Maybe you haven’t had the unfortunate experience of coming across one of these. If so, count yourself lucky. But this kind of abrupt ending? Not a stinger. It’s just an abrupt ending, one that often fails to resolve a majority of the questions presented in the core plot, often as attempted hook for a sequel of some kind.

Speaking of which, a proper sequel hook isn’t a stinger either. A sequel hook is when a story resolves most of its plot, but then leaves an avenue open for the next story to springboard off from. For example, take The Empire Strikes Back and compare it to the opening plot of The Return of the Jedi. Empire ends with a number of failures on the part of the main cast, but it then resolves those failures as well as showing that in the end, the entire rebellion, the side the audience is rooting for, has gotten back together and is finally safe for the moment, so we can relax. In addition, during that final sequence, after wrapping up most of the plot threads, the main characters resolve to go after Han and rescue him, with the finale shot being a portion of the main cast standing safe at last as they watch several other characters head out to track down their missing companion.

Great sequel hook. Everyone walks out of that story feeling like everything was resolved, but also having a good idea of where the next installment in the series is going to head: Rescuing Han Solo. This will be their final impression of the story, these good feelings mixed with a direction for the next installment of the series.

Now, sequel hooks can be more or less urgent than this (and often, this is a mark of the writer’s talents). For example, one book I read ended with what had to be the worst sequel hook in my recent memory: The plot had been all tidied up (a little too neatly, IMO), the characters had all been saved, the villain had lost, yadda yadda yadda, they’re riding out of the city and—BAM! Arrows rain down on the characters from the woods, several of them are hit, the main character is thrown from his saddle, a new villain (possibly) presents themselves as the characters lay there bleeding … and the story ends with a prompt to buy book 2.
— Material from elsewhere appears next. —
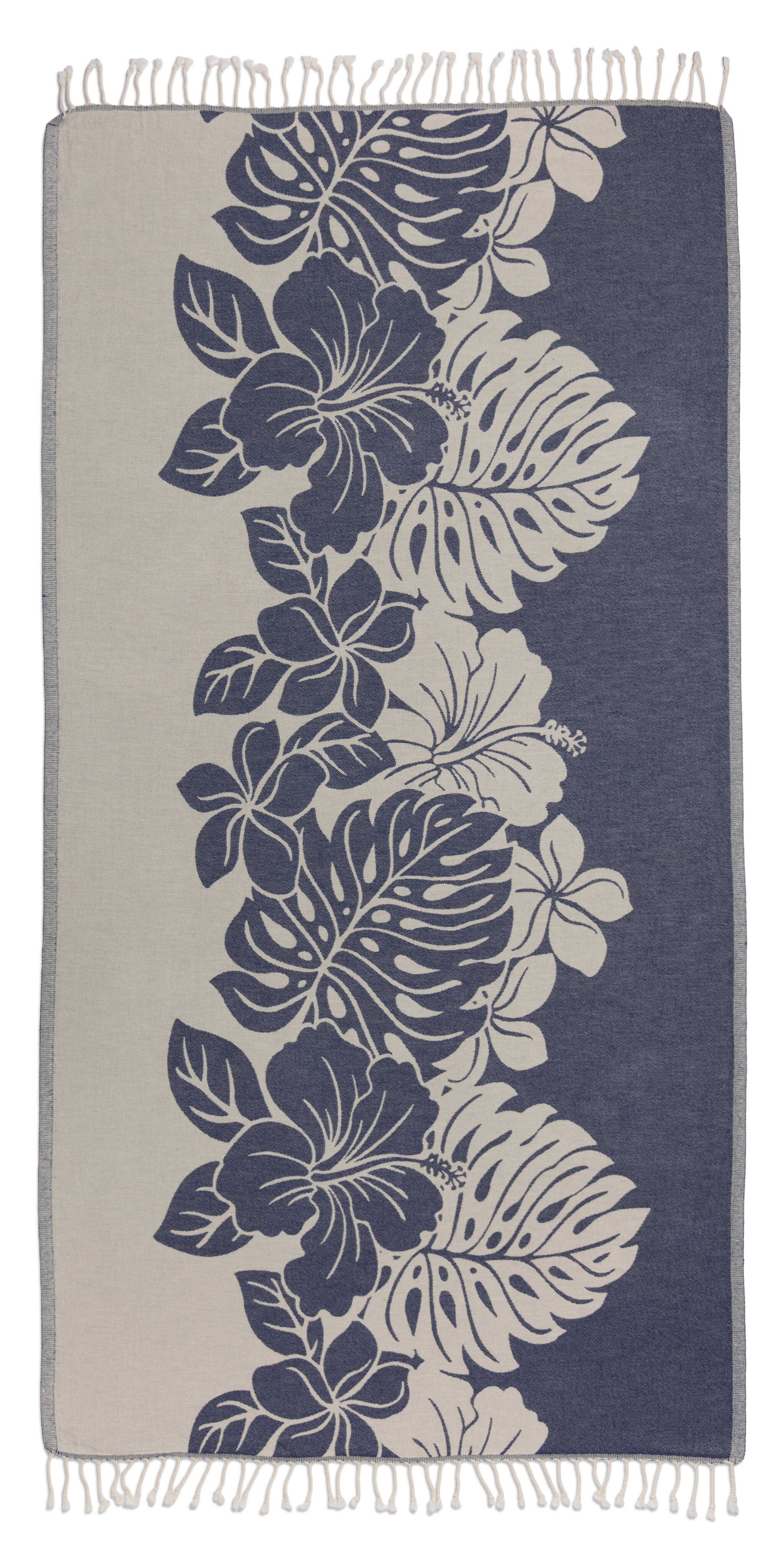 Navy and beige towel with floral pattern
I never did. This is a sequel hook handled in a very ham-fisted way (no lead-in, no support from the rest of the book’s story, etc). It’s a bit like the old action serials, where the main characters would suddenly be in peril right as the episode ended, only to get out of it at the start of the next episode and back into it at the end, just to keep you listening (or watching, as I hear this is basically the formula for The Walking Dead).

Right, still a sequel hook though, even if those aren’t as well done as the example given in The Empire Strikes Back.

Now, can you make a missed opportunity for a sequel hook? Sure. You can see one in the first of the two final Harry Potter films. When the main characters reached the cottage, I could see in my head exactly how it was going to end: The story had reached a good ending point. The characters were safe for the moment, even if one had died, and they had been given the keys they needed to start the next “step” of their journey. Like in the book, I expected the characters to sit down and discuss what was going to come next as an end for the first “part” of the movie. That’d be a good sequel hook. The characters are safe, plot lines have been tied up, and now all you need to do is give the audience an idea of where to go next so they know what to expect when the sequel rolls around.

Amazingly enough, they didn’t do that. It just ended. Not poorly, as it had resolved the immediate action and tension, so it wasn’t an abrupt ending. But it somehow missed its chances at really giving the audience an idea of what to expect next. Even stranger, they started out the next film with the characters sitting around a table discussing what to do.

So, sequel hook: Wraps up most of the plot lines, dissolves the tension, and then offers the audience expectations of where the next installment in the story will go. A useful and commonly used tool in the writer’s toolbox. But … not a stinger.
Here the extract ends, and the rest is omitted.